# WHAT TO DO
Your task is to write out exactly the lines from the line containing "Villa Imola - foto 1" through the end of the records, inclusive at both ends.

# SUPPLIED RECORDS
- Opening Delimiter -

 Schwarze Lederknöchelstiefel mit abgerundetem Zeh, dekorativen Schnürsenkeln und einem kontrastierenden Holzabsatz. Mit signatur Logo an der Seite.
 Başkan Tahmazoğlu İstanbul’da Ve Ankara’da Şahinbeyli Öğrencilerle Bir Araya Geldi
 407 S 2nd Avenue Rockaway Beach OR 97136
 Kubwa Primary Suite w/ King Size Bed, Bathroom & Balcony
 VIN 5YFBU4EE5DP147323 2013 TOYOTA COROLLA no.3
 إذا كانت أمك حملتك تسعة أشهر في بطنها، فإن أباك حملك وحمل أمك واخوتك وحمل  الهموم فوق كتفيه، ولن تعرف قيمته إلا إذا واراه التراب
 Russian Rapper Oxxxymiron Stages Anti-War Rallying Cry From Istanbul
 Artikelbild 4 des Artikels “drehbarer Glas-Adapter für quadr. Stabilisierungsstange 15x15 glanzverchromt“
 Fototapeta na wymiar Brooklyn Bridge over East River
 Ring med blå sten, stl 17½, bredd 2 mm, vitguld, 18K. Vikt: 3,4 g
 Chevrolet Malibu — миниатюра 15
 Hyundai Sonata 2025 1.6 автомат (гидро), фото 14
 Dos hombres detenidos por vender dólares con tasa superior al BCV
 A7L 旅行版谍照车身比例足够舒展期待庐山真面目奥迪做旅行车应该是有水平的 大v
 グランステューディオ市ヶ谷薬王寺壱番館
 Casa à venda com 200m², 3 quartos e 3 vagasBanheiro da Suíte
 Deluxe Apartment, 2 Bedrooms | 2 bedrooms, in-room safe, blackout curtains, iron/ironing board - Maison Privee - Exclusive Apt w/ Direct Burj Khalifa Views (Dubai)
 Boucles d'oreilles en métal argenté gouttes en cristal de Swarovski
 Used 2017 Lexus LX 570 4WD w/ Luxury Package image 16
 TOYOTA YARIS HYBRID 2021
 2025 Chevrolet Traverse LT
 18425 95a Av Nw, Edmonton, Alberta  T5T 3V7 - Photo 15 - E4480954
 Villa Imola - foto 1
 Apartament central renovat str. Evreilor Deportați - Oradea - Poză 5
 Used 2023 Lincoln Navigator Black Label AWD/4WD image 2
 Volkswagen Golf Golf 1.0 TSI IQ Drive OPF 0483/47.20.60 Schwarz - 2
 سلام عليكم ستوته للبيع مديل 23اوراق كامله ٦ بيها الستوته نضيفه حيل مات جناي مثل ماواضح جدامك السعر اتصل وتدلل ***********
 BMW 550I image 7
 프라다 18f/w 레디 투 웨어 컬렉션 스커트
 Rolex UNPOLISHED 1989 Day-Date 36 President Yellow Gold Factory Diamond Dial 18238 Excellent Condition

- Closing Delimiter -

# ANSWER TO THIS PROBLEM
 Villa Imola - foto 1
 Apartament central renovat str. Evreilor Deportați - Oradea - Poză 5
 Used 2023 Lincoln Navigator Black Label AWD/4WD image 2
 Volkswagen Golf Golf 1.0 TSI IQ Drive OPF 0483/47.20.60 Schwarz - 2
 سلام عليكم ستوته للبيع مديل 23اوراق كامله ٦ بيها الستوته نضيفه حيل مات جناي مثل ماواضح جدامك السعر اتصل وتدلل ***********
 BMW 550I image 7
 프라다 18f/w 레디 투 웨어 컬렉션 스커트
 Rolex UNPOLISHED 1989 Day-Date 36 President Yellow Gold Factory Diamond Dial 18238 Excellent Condition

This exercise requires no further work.